Please transcribe only the lines between the one containing "Golden Goose Ballstar" and the end of the records, both ends included, exactly as written; skip every picture.
Study material START
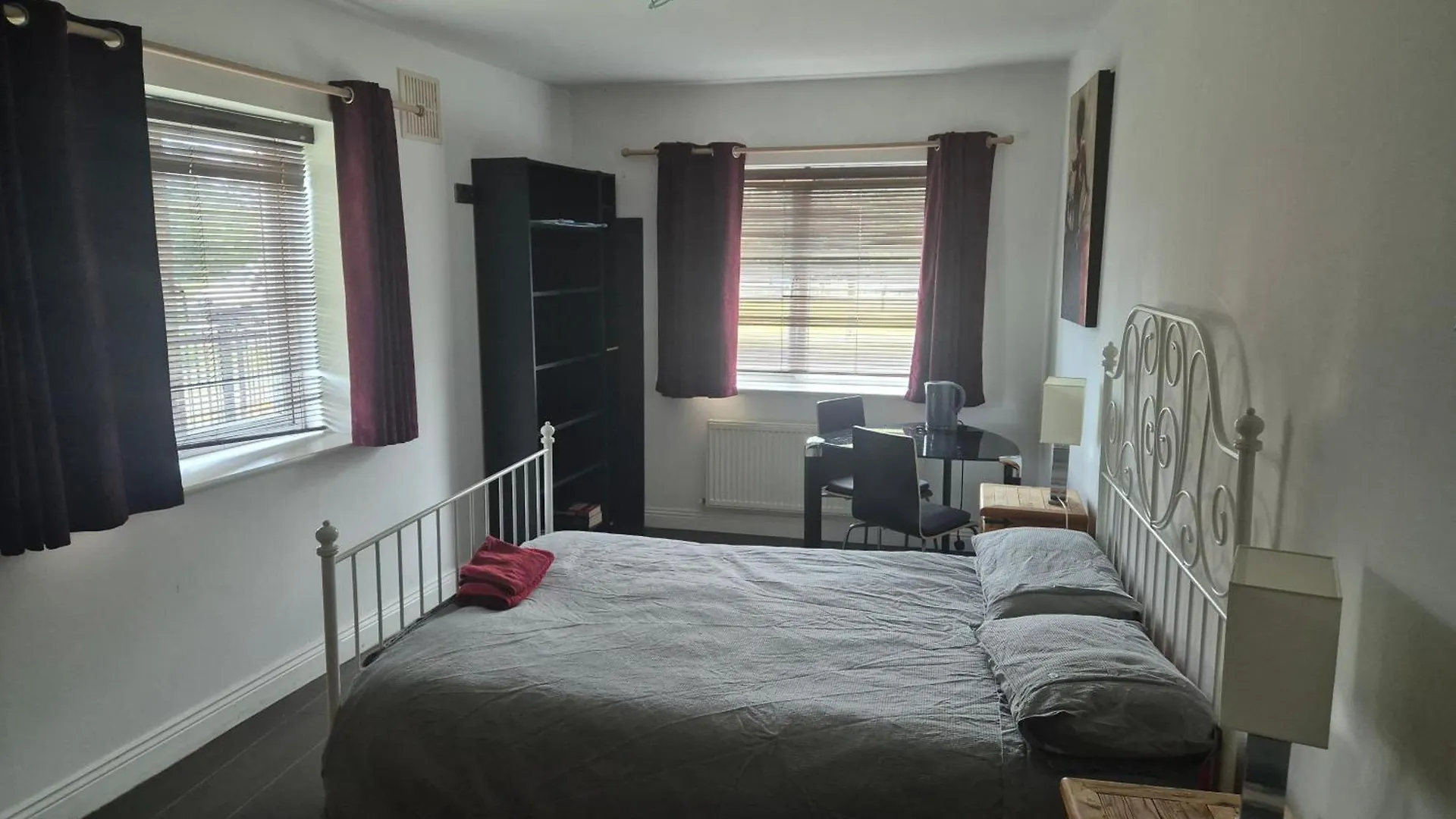 Comfortable Room Beside Luas Line 1 contacts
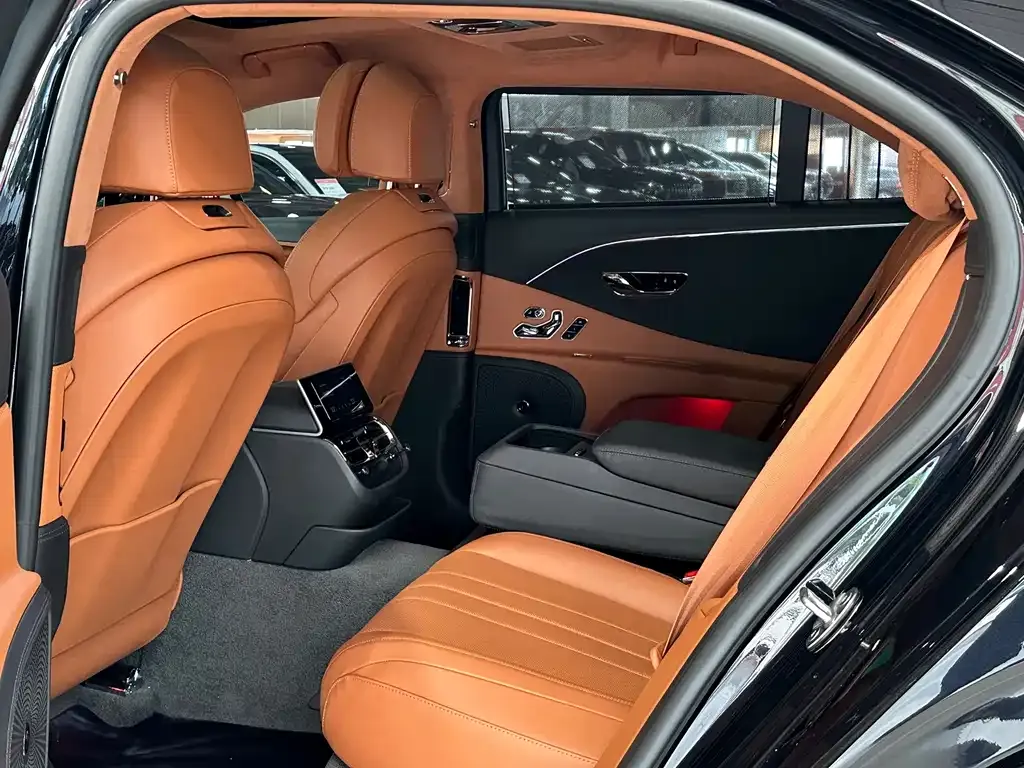 Bentley Flying Spur 2023 из CN, фото 10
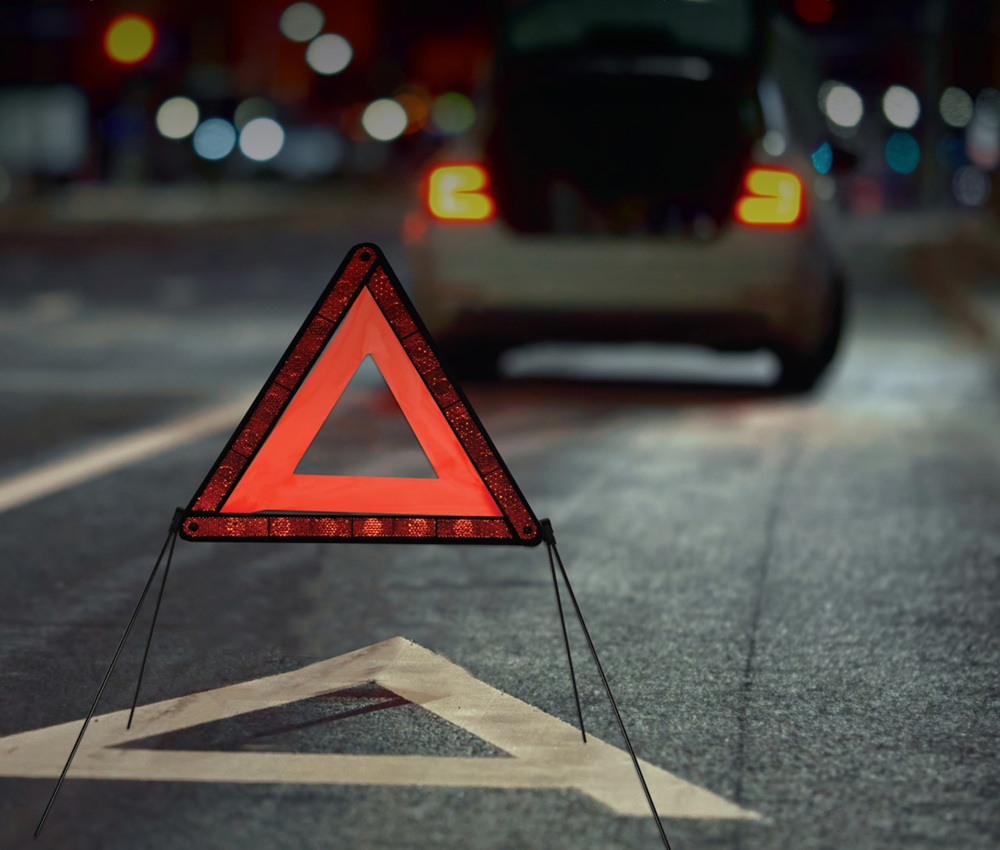 Аптечка, огнетушитель и знак аварийной остановки: что должно быть в машине и как не купить просрочку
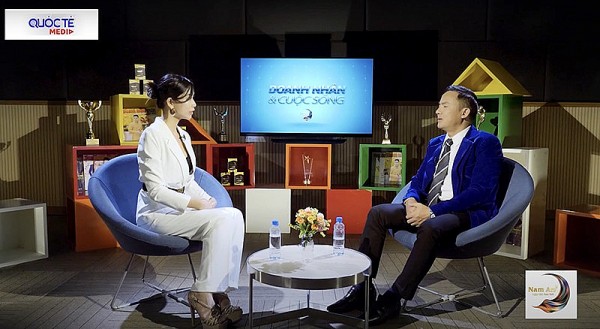 Doanh nhân Vũ Hạnh - Tôi từng cúi đầu xin lỗi nhân viên của mình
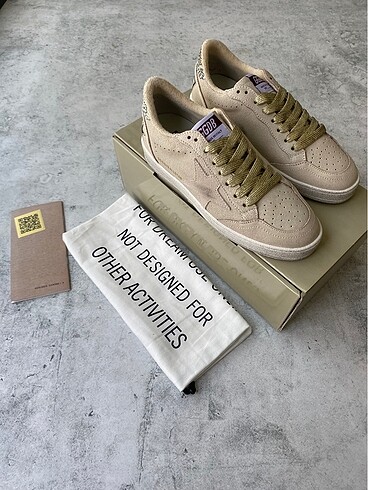 Golden Goose Ballstar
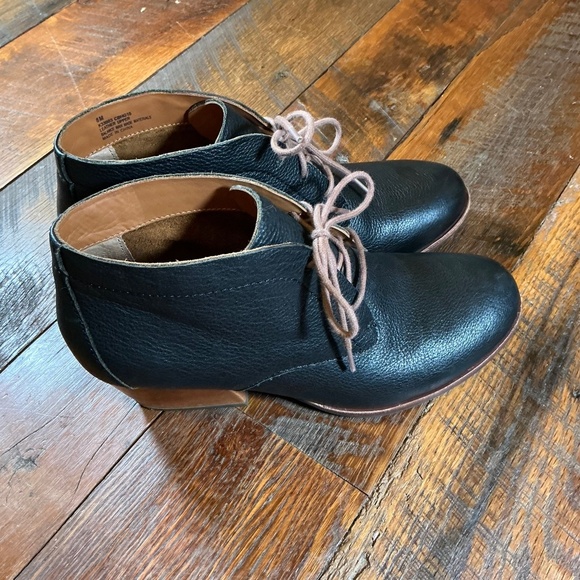 Kork-Ease Helene Black Leather Lace Up Chukka Heel Boots Women’s 8M - Picture 5 of 15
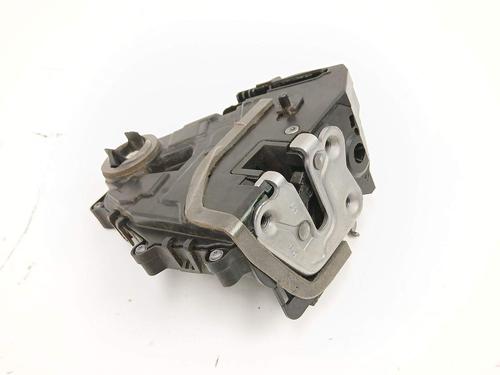 rear-left-lock-renault-captur-ii-hf_-2020-38538874 main image
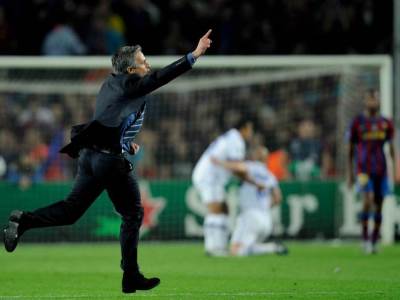  Zoze-Murinjo-slavi-poraz-Intera-na-Nou-Kampu-protiv-Barselone-Liga-sampiona-2010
Study material END
▸ Output of the task:
 Golden Goose Ballstar
 Kork-Ease Helene Black Leather Lace Up Chukka Heel Boots Women’s 8M - Picture 5 of 15
 rear-left-lock-renault-captur-ii-hf_-2020-38538874 main image
  Zoze-Murinjo-slavi-poraz-Intera-na-Nou-Kampu-protiv-Barselone-Liga-sampiona-2010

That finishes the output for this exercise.